Safeguard
Vulnerabilities

CVE-2022-31129: The Day.js ReDoS Vulnerability, Explained

CVE-2022-31129 is a regular expression denial of service in Day.js's custom parse format handling. Here's what triggered it, why it's still showing up in scans, and how it was fixed.

Safeguard Research Team
Research
5 min read

CVE-2022-31129 is a regular expression denial of service (ReDoS) vulnerability in Day.js, the lightweight date library many teams adopted specifically as a smaller alternative to Moment.js. The bug lives in the custom parse format handling, when Day.js parses a date string against a user-supplied format pattern, certain crafted input strings cause the underlying regular expression engine to take catastrophically long to evaluate, effectively locking up the event loop in a single-threaded Node.js process.

What was the vulnerable code path?

Day.js supports parsing dates against a custom format string, similar to Moment's moment(dateString, format) API:

dayjs(userSuppliedString, "YYYY-MM-DD HH:mm:ss")

Internally, versions of Day.js before the fix built a regular expression from the format string to match against the input, and that generated regex contained a pattern vulnerable to catastrophic backtracking under specific crafted inputs. Because JavaScript's regex engine is single-threaded and blocking, an input string engineered to maximize backtracking could pin the CPU on a single request, and enough concurrent requests hitting the vulnerable parse path could take down an entire Node.js process.

Why does this matter more than it sounds like it should?

Date parsing looks like a low-risk corner of an application, but ReDoS bugs in date and string-parsing libraries are dangerous precisely because the vulnerable code path is often reachable directly from unauthenticated user input, form fields, query parameters, API payloads that include a date string, with no additional exploitation complexity required. There's no need to chain the bug with anything else; a single crafted string sent to an endpoint that parses it with a vulnerable format is enough to cause a denial of service.

Day.js's popularity amplifies the blast radius. It was adopted widely as the lighter-weight Moment.js replacement, and by the time this CVE was disclosed it was already a dependency, often a transitive one, in a large number of Node.js and frontend projects. That's the recurring pattern with ReDoS in widely used utility libraries: the vulnerability itself is narrow, but the reach is enormous because so much code calls into it without anyone tracking that a date-parsing call is a potential denial-of-service surface.

How was CVE-2022-31129 actually fixed?

The maintainers patched the custom parse plugin to change how the format string was translated into a regular expression, removing the specific backtracking-prone construction.
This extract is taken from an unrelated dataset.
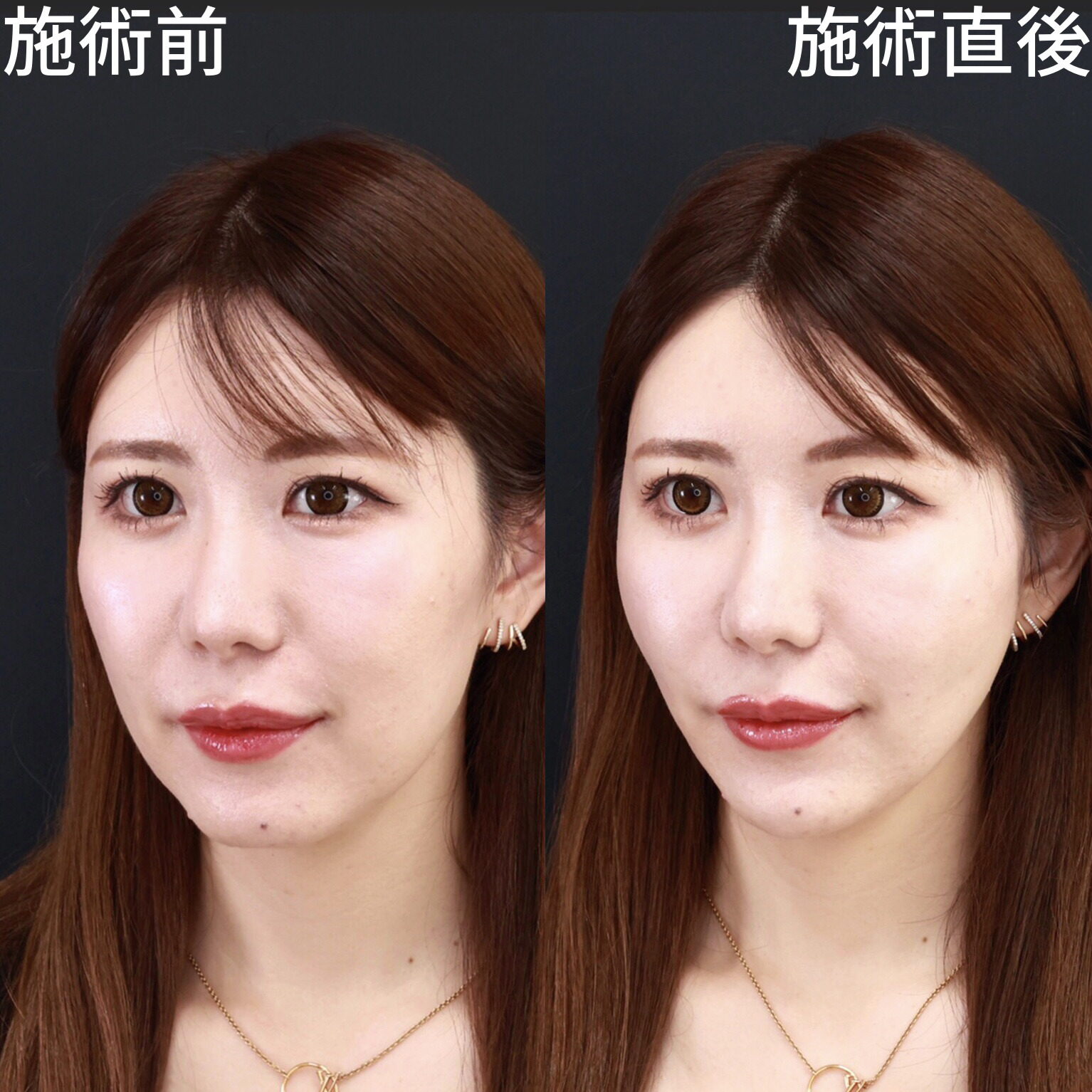 TAC式 ツヤ肌コラーゲンリフト®/顎のヒアルロン酸注射/ほうれい線のヒアルロン酸注射の症例写真 施術前後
The fix shipped in Day.js 1.11.5. If you're running an older 1.11.x release, or anything before 1.11.5, and you use the customParseFormat plugin with user-controlled input, you're exposed. Projects that only use Day.js's default ISO-8601 parsing without the custom format plugin were not affected by this specific path, which is a useful distinction when triaging whether the CVE actually applies to your usage.

How do you check if you're affected?

Start with your lockfile. Running npm ls dayjs (or the equivalent for yarn or pnpm) will show you the resolved version and whether it's a direct or transitive dependency; transitive is the more common and more easily missed case, where a UI component library or a form validation package pulls in Day.js under the hood. Confirm the resolved version is 1.11.5 or later.
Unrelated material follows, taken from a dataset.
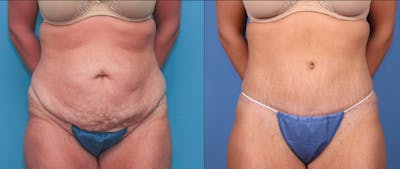 Tummy Tuck Before & After Gallery - Patient 72151125 - Image 1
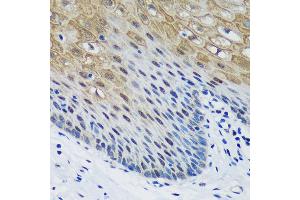 Immunohistochemistry of paraffin-embedded Human esophageal using PSPC1 Rabbit pAb (ABIN6132925, ABIN6146363, ABIN6146364 and ABIN6224928) at dilution of 1:100 (40x lens). (PSPC1 antibody  (AA 1-70))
Beyond the version check, look at whether your code actually calls dayjs(input, format) with a format string, on input that comes from outside your trust boundary. If your only usage is parsing ISO date strings you generated yourself, the practical exploitability is much lower even on a vulnerable version, though upgrading costs nothing and removes the question entirely.
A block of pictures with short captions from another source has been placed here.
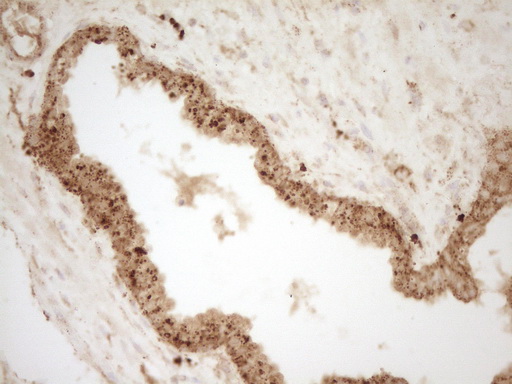 m03689 anti renin ren mouse monoclonal antibody clone id oti2f10 ihc testing 4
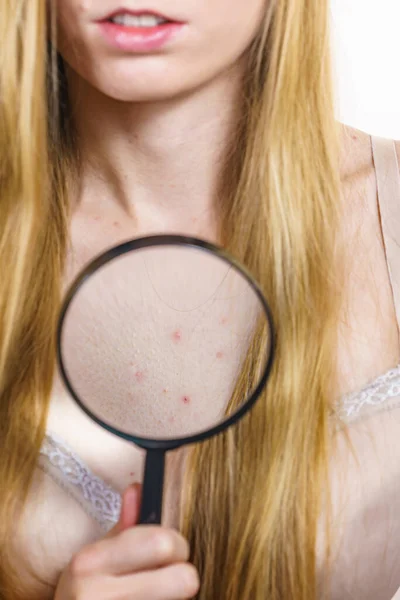 健康问题 皮肤病 年轻女人脖子上有粉刺红斑有粉刺的女性 — 图库照片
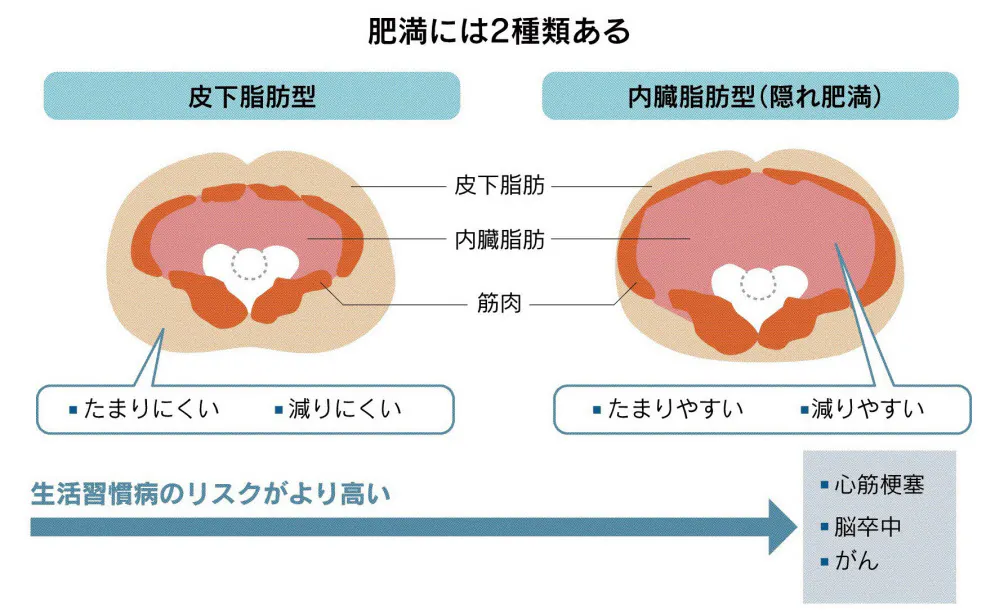 隠れ肥満にご用心 内臓脂肪リスク 細切れ運動で予防 Nikkei Style 隠れ肥満にご用心 内臓脂肪リスク 細切れ運動で予防 Nikkei Style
This is also a good example of why dependency scanning needs to go past "is this package listed as vulnerable" and toward reachability: a vulnerable version of Day.js sitting in node_modules because some unrelated package depends on it, without your code ever calling the vulnerable parse path with untrusted input, is a very different risk than the same version reachable from an internet-facing form. A software composition analysis tool that can distinguish those two cases saves a lot of unnecessary urgency.

FAQ

What CVSS score does CVE-2022-31129 carry?

It's generally tracked around CVSS 7.5 (High), reflecting the network-reachable, no-authentication-required denial-of-service impact, with no confidentiality or integrity loss since it's purely an availability bug.

Does upgrading Day.js break existing date-parsing behavior?

The 1.11.5 fix changed internal regex construction, not the public parsing API, so for the vast majority of projects the upgrade is a drop-in fix with no behavior change to valid, well-formed date inputs.

Are other date libraries vulnerable to the same class of bug?

Yes. ReDoS has appeared in Moment.js, and in various validation and parsing libraries across the JavaScript ecosystem, because hand-rolled regex-based parsers are a common source of catastrophic backtracking bugs. It's a pattern worth checking for in any library that builds regexes from configurable input.

How urgently should teams patch this?

Treat it as a standard high-priority dependency update if customParseFormat is used with untrusted input reachable from the network; there's no reason to delay given the trivial, drop-in fix and the low cost of testing a patch-level version bump.